From all the help-wanted ads in the paper, I chose gift wrapping. I chose it because it was an ad for a very nice department store and I chose it because, well, I like gift-wrapped packages.

I should have known something was wrong when I went in for the interview and the nervous woman in charge asked me when I could start. I said, "Oh, anytime," and she replied, "How about right now?"

But I chose to be flattered, and after I told her I really needed to leave, she said, "OK, then, tomorrow night."

And I said, "Great."

Never has a part-time employee been more enthusiastic, optimistic nor more prompt.
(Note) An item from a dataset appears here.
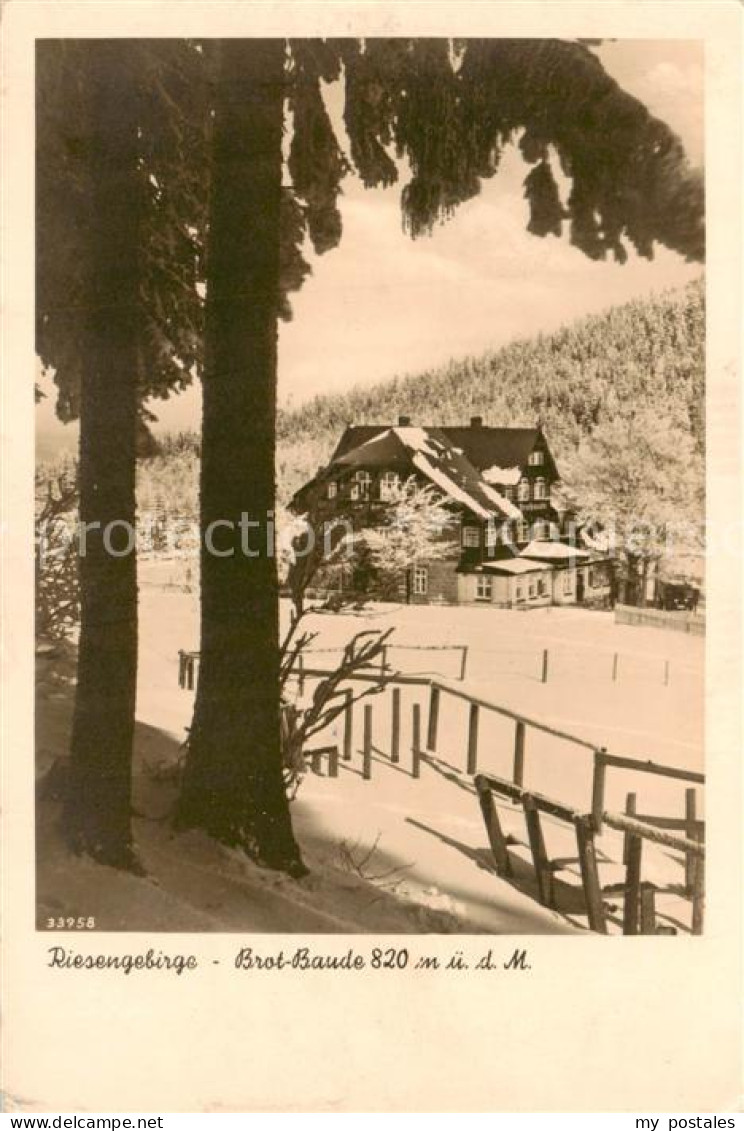 73821061 Riesengebirge_Krkonose_Karkonosze Brot Baude - Czech Republic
I arrived ready to learn.

And I did learn, not really about gift wrapping, but about life on the other side of the counter.

"Mary will show you how," the nervous manager said, disappearing into the back room.

Mary showed me how to fold the tissue paper, to line the box, to square it off and put a silver sticker on top where the tissue overlapped. She showed me how to measure a package, to unroll the heavy silver paper from its roll by hand, since it was too big to fit on any of the rollers. She showed me how to hide the edges of the paper by folding tape over and how to loop ribbon around the corners of the box and tie it off in a bow. She told me she was going to interview for another job.

"This is no good," she said. "They make you work crazy hours. I go to school and they know it, but they don't care."

"But the manager seems nice enough," I ventured. "Why don't you ask her?"

"She's been here two weeks," Mary said. "After this week, she'll be gone."

"No kidding?" I asked.

"Manager before her only lasted two weeks," Mary said, twisting a loop of ribbon around her fingers. "You better learn this--twist, twist, twist. But I can't teach you because I don't know how to do it."

She twisted the ribbon unmercifully and then threw up her hands as it fell on the counter in a heap.

Mary left for her job interview, leaving me to the mercy of the customers.

The sum total of my knowledge was how to (maybe) do a complimentary wrap (tissue, a box and ribbon) and that I had better learn how to twist, twist, twist.

The first two customers wanted complimentary wraps. The third, bless him, only wanted a box.

I know that years from now I will wake up in the middle of the night remembering his face and knowing, almost for sure, that I gave him two lids. But I get ahead of myself.

The first customer brought in baby gifts. Baby Dior gifts. I winced as I removed the price tags.

I got the box out, folded each part and hinged it together. The woman was watching my every move.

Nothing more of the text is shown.